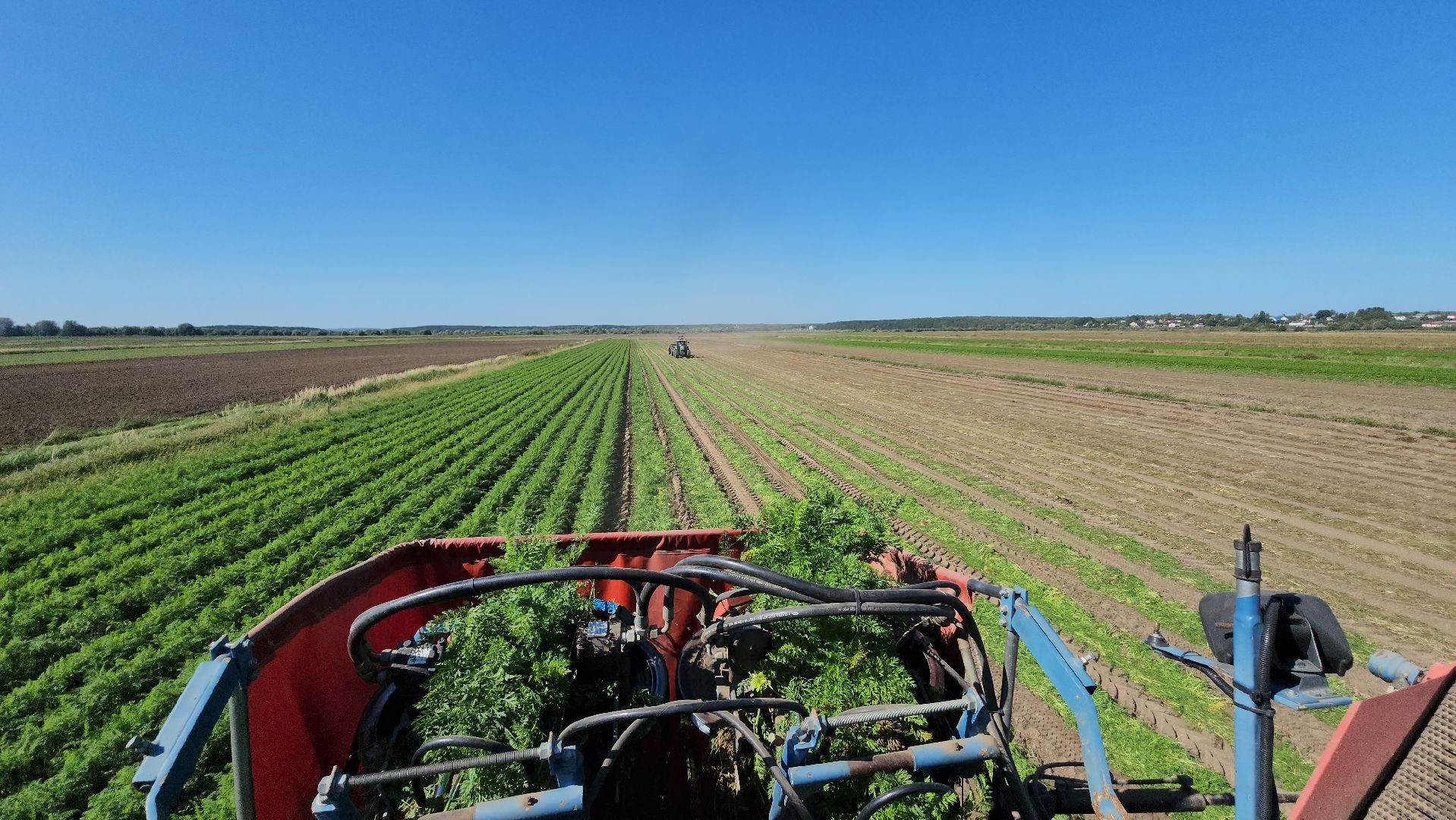 серпухов, ао дашковка, сельское хозяйство, уборка овощей, сбор урожая,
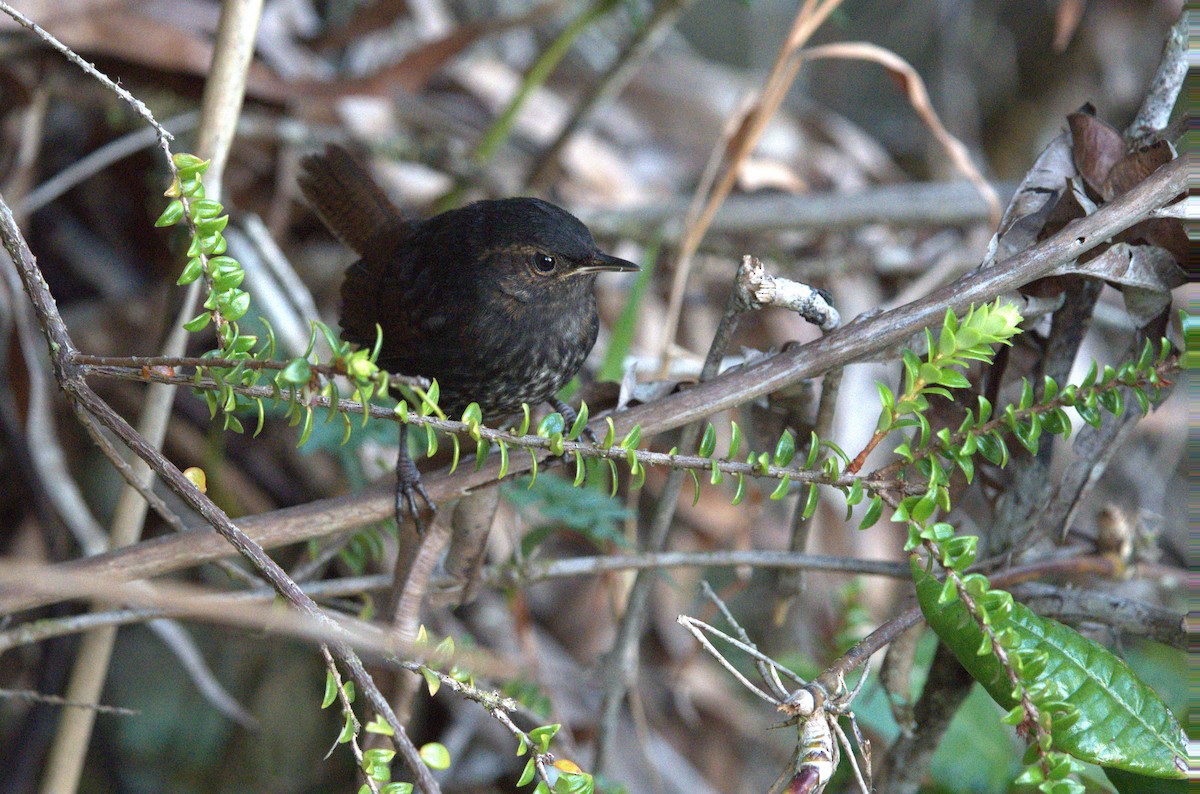 Tepui Wren - ML617316003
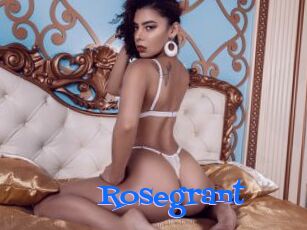 Rosegrant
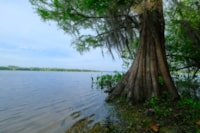 Van Brunt landing lake view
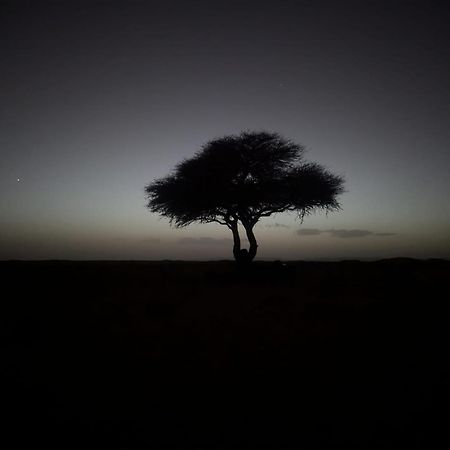 姆哈米德 Mhamid Sahara Camp - Mhamid El Ghizlane酒店 外观 照片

★ ★ ★

Exercise
Transcribe all of the records above exactly; no image should appear in what you write.

Written solution
 серпухов, ао дашковка, сельское хозяйство, уборка овощей, сбор урожая,
 Tepui Wren - ML617316003
 Rosegrant
 Van Brunt landing lake view
 姆哈米德 Mhamid Sahara Camp - Mhamid El Ghizlane酒店 外观 照片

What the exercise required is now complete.